Let $u(t) = e^{\int.5 dt} = e^{.5t}.$ This is our integrating factor. Multiplying the equation by $u(t)$ we get
$e^{.5t}y'+.5e^{.5t}y = \frac{d}{dt}(e^{.5t}y) = 4e^{1.3t}$
Integrating both sides yields
$e^{.5t}y = \frac{4}{1.3}e^{1.3t} + C$
So the general solution is
$y = \frac{4}{1.3}e^{.8t} + Ce^{-.5t}$
Now use the initial conditions to find $C$.
As to how you get the integrating factor (nothing original here, but I'm just writing it explicitly):
If you want $y' + ay = f(x)$, use the fact that $(e^{ax}y)' = ae^{ax}y+e^{ax}y' = e^{ax}(y'+ay)$. Like magic, the left side of your equation appears.
So, multiplying your equation by $e^{ax}$ (which is, fortunately, always non-zero), $e^{ax}f(x) = e^{ax}(y'+ay) = (e^{ax}y)'$.
Integrating this, $e^{ax}y = \int e^{ax}f(x) \ dx$, or $y = e^{-ax}\int e^{ax}f(x) \ dx$.
This has the standard generalization to $y' + g(x)y = f(x)$.
We must realise that this kind of problem has homogeneous and particular solution.
Thus it helps to write the form of the equation given as below; $ (D+0.5)y = 4e^{0.8t} $ D is the differential operator. Now this shows that (m+0.5) = 0, which gives m=-0.5. So the homogeneous solution is $ y_{h}= Ke^{0.8t} $ Where K is a constant which need to solve by using the given initial condition.

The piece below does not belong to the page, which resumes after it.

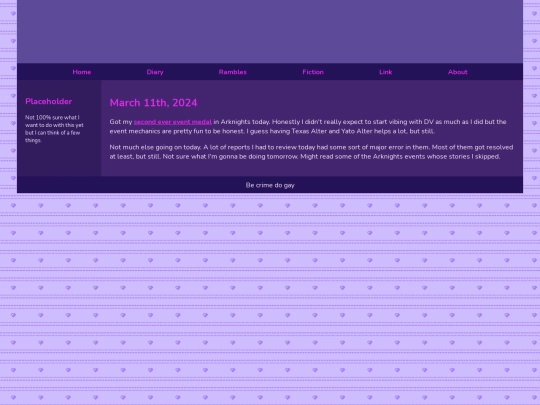Diary/March 2024/March_11th_2024 screenshot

Now we have to find the particular solution. It has to have some form of the derivatives of the forcing function i.e
$ 4e^{0.8t} $
lets assume that the particular solution has this form;
$ y_{p} = Ae^{0.8t} $
putting this into the original equation;
$ D(Ae^{0.8t}) + 0.5(Ae^{0.8t}) = 4e^{0.8t} $
so
$ 0.8Ae^{0.8t} +0.5Ae^{0.8t} = 4e^{0.8t} $ Which means
$ 0.8A+0.5A = 4 $
so A = 4/1.3
Thus the particular solution is
$ y_{p} = 4/1.3 (e^{0.8t}) $
now putting everything together;
$ y = y_{h} + y_{p} $
$ y = Ke^{-0.5t} + 4/1.3 e^{0.8t} $
To find K, we have to use the initial condition given.
$ y(0) = 2 = Ke^{-0.5(0)} + 4/1.3 e^{0.8(0)} $ $ 2 = K(1) + 4/1.3 (1) $ $ K = 2 - 4/1.3 $
Putting everything back into the solution;
$ y = 2e^{-0.5t} + (4/1.3) (e^{0.8t} -e^{-0.5t}) $